Nothing Good Happens After Midnight

Not long after Heather and I were married, Andrew and Chandler were getting old enough to begin pushing the envelope that the freedom of having a car brings.  Having a car allowed them to come home without having to ask for a ride.  Getting out of bed to pick up a kid is not something I relished so this part of having a teen driver was great.
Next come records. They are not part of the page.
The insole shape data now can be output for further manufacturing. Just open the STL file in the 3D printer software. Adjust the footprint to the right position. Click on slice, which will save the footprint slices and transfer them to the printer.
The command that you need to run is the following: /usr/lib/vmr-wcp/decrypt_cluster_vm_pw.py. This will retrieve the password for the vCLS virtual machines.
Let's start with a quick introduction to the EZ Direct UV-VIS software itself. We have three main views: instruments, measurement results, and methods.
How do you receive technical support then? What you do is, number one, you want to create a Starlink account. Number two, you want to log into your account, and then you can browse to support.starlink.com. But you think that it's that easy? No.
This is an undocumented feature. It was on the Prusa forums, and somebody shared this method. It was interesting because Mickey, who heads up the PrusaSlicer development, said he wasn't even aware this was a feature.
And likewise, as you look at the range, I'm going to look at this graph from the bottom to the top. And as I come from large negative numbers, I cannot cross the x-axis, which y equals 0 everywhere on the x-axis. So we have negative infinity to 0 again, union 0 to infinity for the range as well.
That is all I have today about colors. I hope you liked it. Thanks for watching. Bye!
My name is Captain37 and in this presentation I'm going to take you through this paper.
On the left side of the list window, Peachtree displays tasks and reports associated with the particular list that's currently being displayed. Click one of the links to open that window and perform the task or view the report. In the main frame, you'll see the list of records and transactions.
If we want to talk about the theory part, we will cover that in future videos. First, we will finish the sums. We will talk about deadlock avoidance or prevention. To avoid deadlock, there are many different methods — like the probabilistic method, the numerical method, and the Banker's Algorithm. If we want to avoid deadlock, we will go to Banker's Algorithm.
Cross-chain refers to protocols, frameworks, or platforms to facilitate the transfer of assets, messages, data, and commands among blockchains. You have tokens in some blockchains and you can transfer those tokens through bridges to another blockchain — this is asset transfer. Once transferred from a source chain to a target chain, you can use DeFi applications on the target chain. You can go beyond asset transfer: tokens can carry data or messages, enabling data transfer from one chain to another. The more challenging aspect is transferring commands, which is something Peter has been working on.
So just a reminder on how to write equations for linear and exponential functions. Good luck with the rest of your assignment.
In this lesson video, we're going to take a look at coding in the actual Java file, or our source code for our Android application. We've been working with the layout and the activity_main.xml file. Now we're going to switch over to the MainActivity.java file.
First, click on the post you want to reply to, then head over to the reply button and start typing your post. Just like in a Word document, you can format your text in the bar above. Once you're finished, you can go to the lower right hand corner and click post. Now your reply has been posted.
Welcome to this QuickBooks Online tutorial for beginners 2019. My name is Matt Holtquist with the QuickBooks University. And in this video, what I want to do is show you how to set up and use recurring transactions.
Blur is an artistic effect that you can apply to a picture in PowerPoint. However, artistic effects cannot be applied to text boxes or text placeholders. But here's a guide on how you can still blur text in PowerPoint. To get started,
However, having a teen driver also opens the door to staying out late, something that should be a concern for any parent.

The negotiation process for a curfew started with my sons opening bid outside of any rational time for a high school kid (1 a.m., seriously).  My response to this first offer was something that my wife grew up hearing all of the time, “nothing good happens after midnight” I explained to my boys.  Although a phrase Heather dreaded as a teen, I seemed to have developed some real credibility as a parent with these words.  However, there really is no hard and fast rule and some places require earlier curfews that others. 

When I was in high school, my best friend was Dante Fratta, a foreign exchange student from Argentina. In my hometown of Columbia Falls, Montana, a loud siren screams out every evening at 10 p.m. This signifies the evening curfew that requires all unaccompanied child under 18 to be home. Dante was absolutely astonished that such a norm had been established in this town with a siren to boot.  In Parana, Argentina where he grew up, it was common for high school kids to stay out until 5 or 6 a.m. This was a phenomenon my parents simply could not believe.  

Kids see the curfew as a way to push the parental envelope.  As one article I came across explains, curfews should be seen as a safety issue and not an oppressive rule. The article also lists a number of considerations for creating an appropriate curfew for your kids. These include how far they have to travel to get home, the general safety of the community where you live, how many bars they have to go by to get home, etc. Each family and each community is different so no hard and fast rule can fit.

In our house, we have established the same rule that Heather had in place when she was a teenager. The curfew for Andrew and Chandler correspond with their grade in school.  As a sophomore, Chandler has to be home by 10 p.m. As a junior in high school, Andrew’s curfew is 11 p.m. When they become a junior and a senior, their curfews will be 11 and 12 respectively. This 12 a.m. curfew is likely to be in force as long as they live under our roof because, as my father-in-law Randy Craig is famous for saying, “nothing good happens after midnight.”